Самым слабым звеном оказалась недостаточная укомплектованность кафедр профессорскопреподавательским персоналом. Например, студенты нескольких групп плохо сдали зачет по теории машин и механизмов, поскольку в течение одного семестра у них сменилось пять (!) преподавателей. Бывало так, что студенты десятками не являлись на экзамены, понимая свою неподготовленность. Но при этом из 147 сдававших в первую сессию 1941–42 года только 9 получили неудовлетворительные оценки. Комиссия Наркомнефти сочла зимнюю сессию проведенной удовлетворительно, приняв во внимание, что 61 человек зачислен на стипендию.
Необеспеченность кадрами профессоров и преподавателей не давала возможности полноценно вести учебный процесс.

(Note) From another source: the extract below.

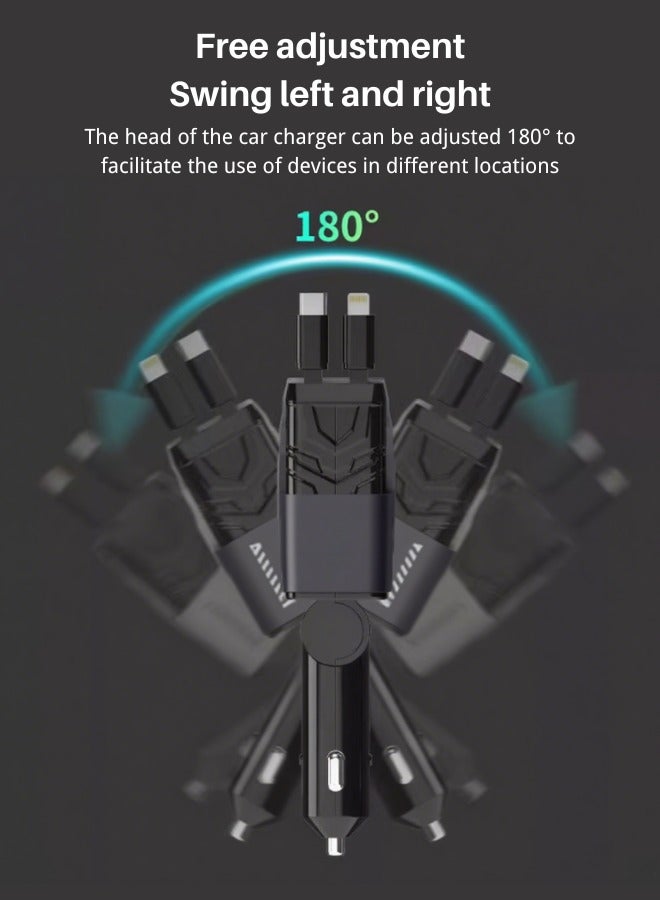 شاحن سيارة سريع 12 فولت/24 فولت مع كابل قابل للسحب - كابل شحن سريع مزدوج USB-C PD قابل للسحب، محول طاقة سريع للسيارة PD20 وات لهاتف iPhone Type C، مقبس شاحن USB بلوتوث 40 وات للسيارة مع iPhone وSamsung وGalaxy وHuawei وXiaomi | شحن سريع 4 في 1 من النوع C - أسود ميكا - Image 5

На конец марта 1942 года число штатных единиц профессоров с 26,5 до эвакуации снизилось до 9, доцентов и старших преподавателей — с 57 до 30,25, ассистентов и преподавателей — с 42,25 до 24,4. Хуже обстояло дело с учебно-вспомогательным персоналом, где число штатных единиц уменьшилось с 66,5 до 19,25. В итоге учебная нагрузка превышала все мыслимые пределы: например, доцент Н. Шацов имел стопроцентную перегрузку, а профессора М. Чарыгин, С. Владиславлев, старший преподаватель А. Тюхтенев, доцент Д. Лозинский, ассистенты Т. Лапинская, Д. Перельмитер — от 40 до 60 процентов, тогда как вопрос с доплатой был весьма неясен. Привлекать местные кадры почти не удавалось из-за нерегулярной работы транспорта между Уфой и Соцгородом, где размещался институт.